O grupo parlamentar do Bloco de Esquerda (BE) apresentou na Assembleia da República um projeto de resolução, onde defende que a água da zona do Pomarão, no concelho de Mértola, seja utilizada apenas para consumo das populações.

O projeto, debatido nesta terça-feira, 29, na reunião da Comissão Parlamentar de Ambiente e Energia, surge depois do anúncio de procedimento que visa “Aquisição de Serviços para Elaboração do Projeto de ‘Reforço do Abastecimento de Água ao Algarve – Solução da Tomada de Água no Pomarão’”, já publicado em Diário da República e que tem o preço-base de 2,1 milhões de euros.

Segundo o BE, o projeto prevê a execução de uma captação de água no rio Guadiana, na sua zona estuarina, junto à margem direita perto da povoação de Mesquita, praticamente em frente ao Pomarão e a montante da confluência do rio Chança.

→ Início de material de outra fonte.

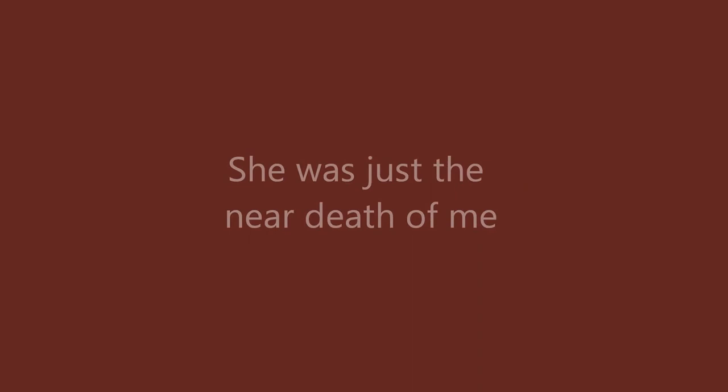Once it seemed she held the key, but she was just the near death of me. Nice to know she is gone.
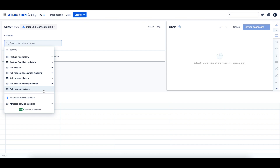Now that we've taken a look at the data within the DevOps tables, let's create an example chart with this data. In this example, let's calculate the cycle time of our successful deployments to our production environment. Cycle time refers to the total time from starting to work on an issue until the work was completed.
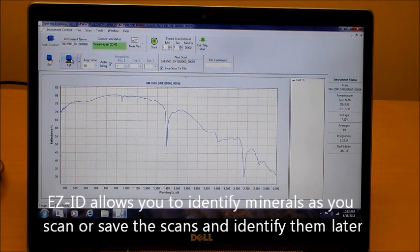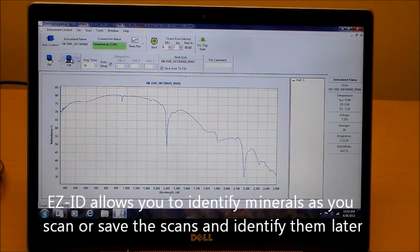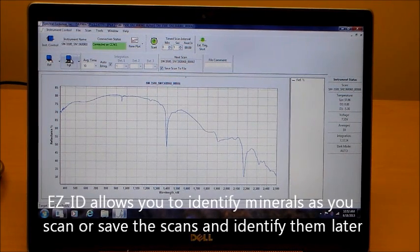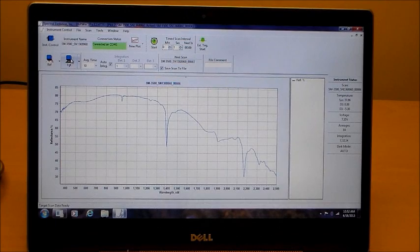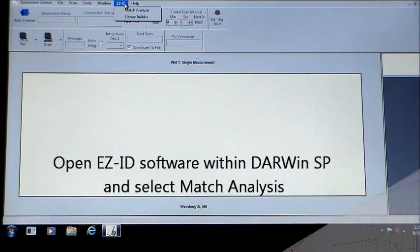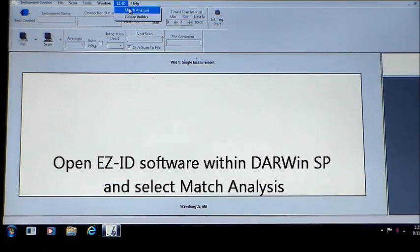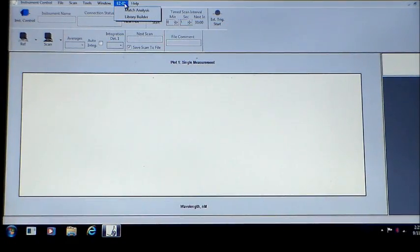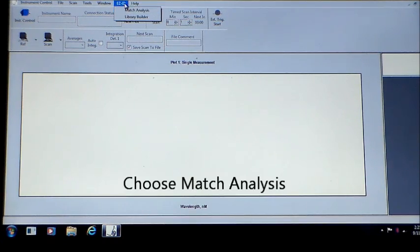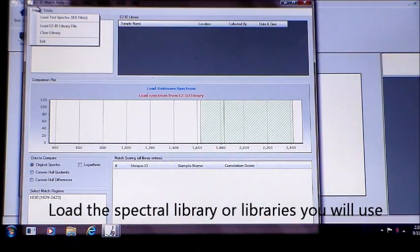When you run EZID on your laptop, you can identify scans as you collect them or save the files and identify them later. EZID runs from within the Darwin SP data acquisition software. Choose the Match Analysis option.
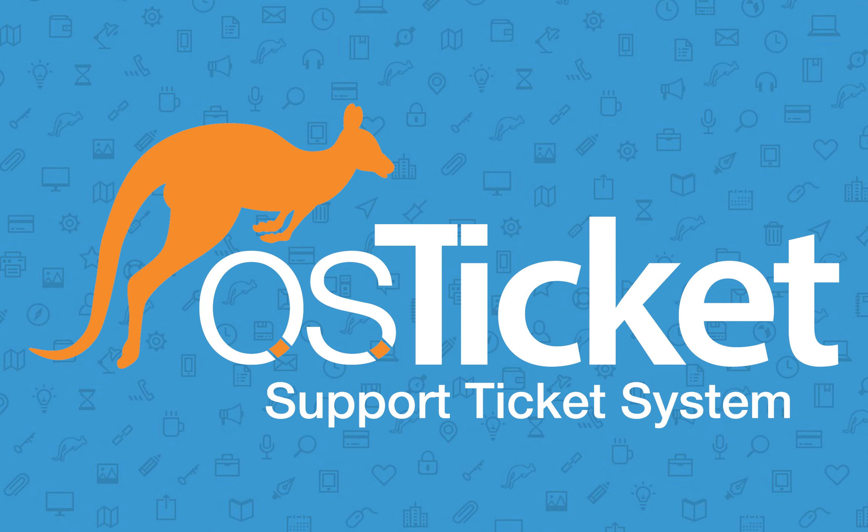That's all for this tutorial. If you found this tutorial helpful, give us a thumbs up and subscribe to our channel. Check out the links in the description for additional help and more OS Ticket news. Thanks for watching.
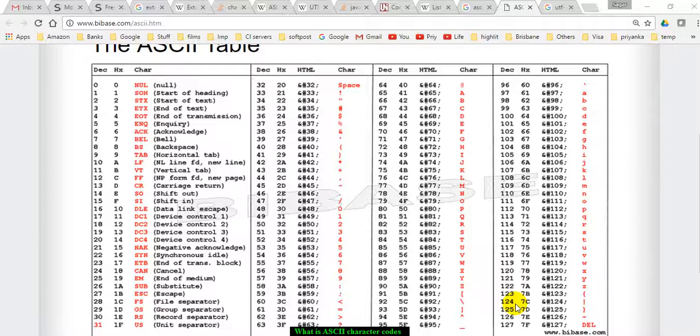Welcome to this video. In this video I will explain what ASCII character codes are. ASCII character codes define the mapping of characters to numbers.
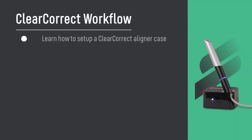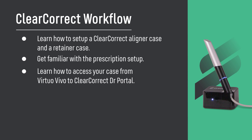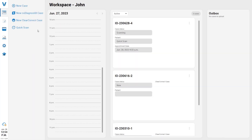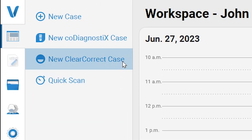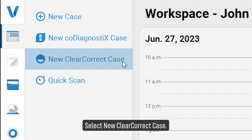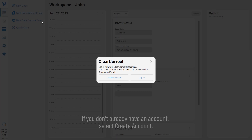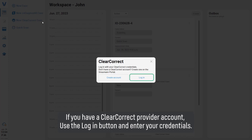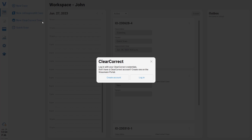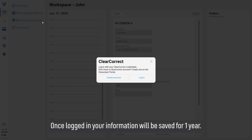Learn how to set up a ClearCorrect aligner case and a retainer case. Get familiar with the prescription setup and learn how to access your case from Virtual Vivo to ClearCorrect Doctor Portal. Select 'New ClearCorrect Case.' If you don't already have an account, select 'Create Account.' If you have a ClearCorrect provider account, use the login button and enter your credentials. Once logged in, your information will be saved for one year.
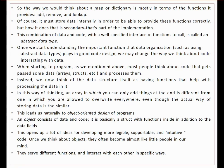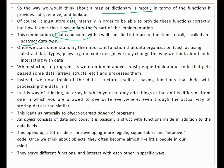For a map or dictionary, the basic operations are add, remove, and lookup. To store data correctly, the implementation must also be good. When we combine data and code together with functions like add, remove, and lookup, we call this an Abstract Data Type, or ADT. Understanding ADT is an important aspect of data organization, and it is essential for good code design.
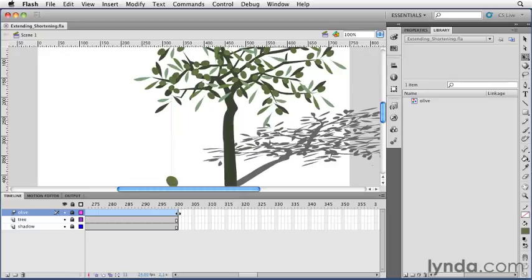Then hover your mouse over the end of the frame span. Notice your cursor updates to show an arrow on the left and the right. From there you can simply click and drag to adjust the duration of your animation.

A partir desta captação desenvolver-se-á uma tubagem adutora que irá transportar a água

captada até à albufeira da barragem de Odeleite, ou seja, “na prática, esta captação em Pomarão (Mértola) no rio Guadiana destinar-se-á a abastecer a região do Algarve”, , inclusive “as grandes plantações de abacate e de outras culturas com elevada necessidade de água”.

Uma possibilidade que leva o BE a defender que, “existindo o investimento na captação do Pomarão, a sua primeira prioridade deve ser o abastecimento doméstico local e, sempre que necessário, o abastecimento doméstico à região do Algarve”, e não servir “para manter práticas insustentáveis e desadequadas às condições da região do Algarve.

Nesse sentido, os bloquistas propõem ao Governo que o investimento no “Reforço do Abastecimento de Água ao Algarve – Solução da Tomada de Água no Pomarão” tenha “como primeira prioridade o abastecimento doméstico, nomeadamente das populações envolventes e sempre que necessário da região do Algarve”.

Os bloquistas querem ainda que o projeto “não se destine a manter ou a aumentar a área e o consumo de água de culturas insustentáveis e que a agricultura da região do Algarve seja adaptada às condições e aos recursos existentes”.